**WORK REQUEST**
Below this line are records; write out exactly the lines from the one containing "1435 Xavier Ave" through the one containing "una mesa con", with the pictures left out.

**RECORDS SUPPLIED**
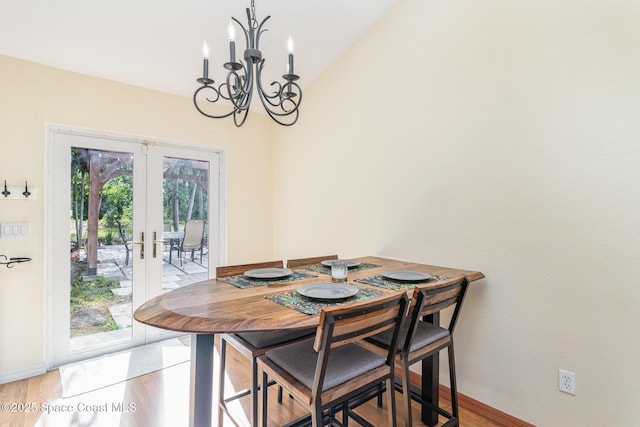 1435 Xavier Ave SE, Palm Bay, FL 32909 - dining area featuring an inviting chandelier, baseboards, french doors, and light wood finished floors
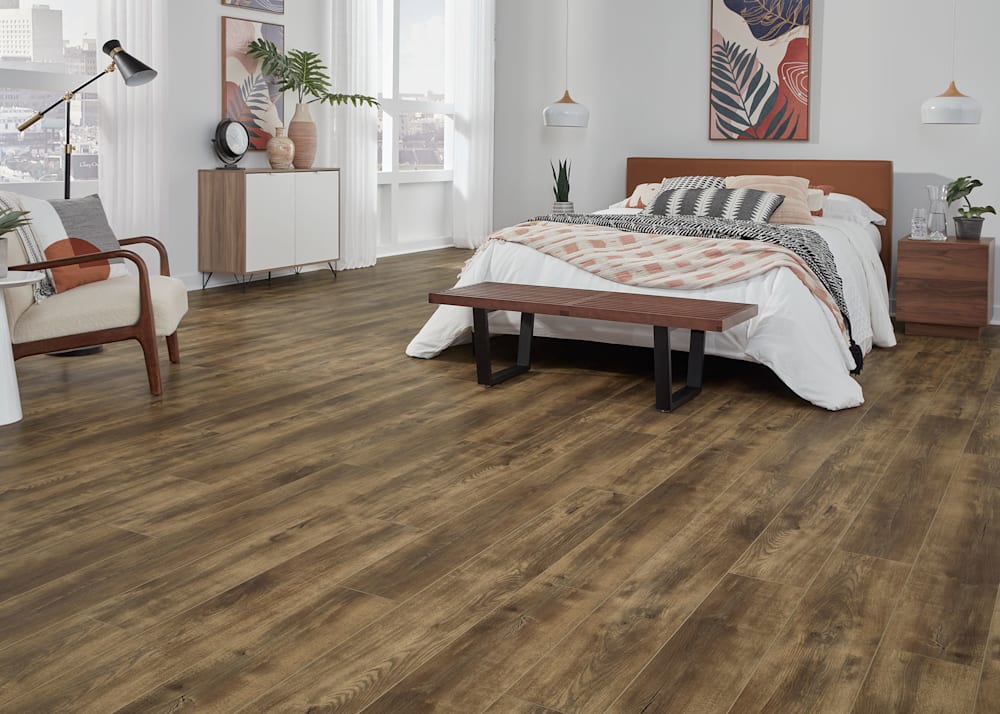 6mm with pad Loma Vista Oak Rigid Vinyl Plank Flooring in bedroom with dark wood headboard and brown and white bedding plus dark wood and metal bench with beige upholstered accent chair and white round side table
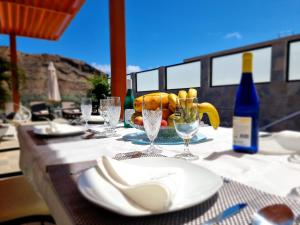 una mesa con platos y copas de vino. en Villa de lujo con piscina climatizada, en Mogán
--
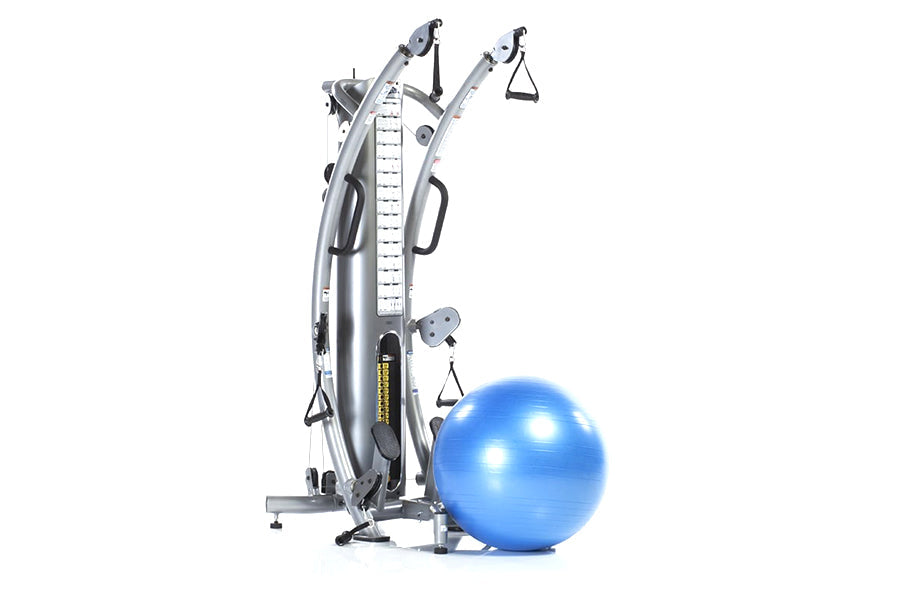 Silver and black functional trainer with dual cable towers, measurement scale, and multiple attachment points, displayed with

**EXERCISE RESPONSE**
 1435 Xavier Ave SE, Palm Bay, FL 32909 - dining area featuring an inviting chandelier, baseboards, french doors, and light wood finished floors
 6mm with pad Loma Vista Oak Rigid Vinyl Plank Flooring in bedroom with dark wood headboard and brown and white bedding plus dark wood and metal bench with beige upholstered accent chair and white round side table
 una mesa con platos y copas de vino. en Villa de lujo con piscina climatizada, en Mogán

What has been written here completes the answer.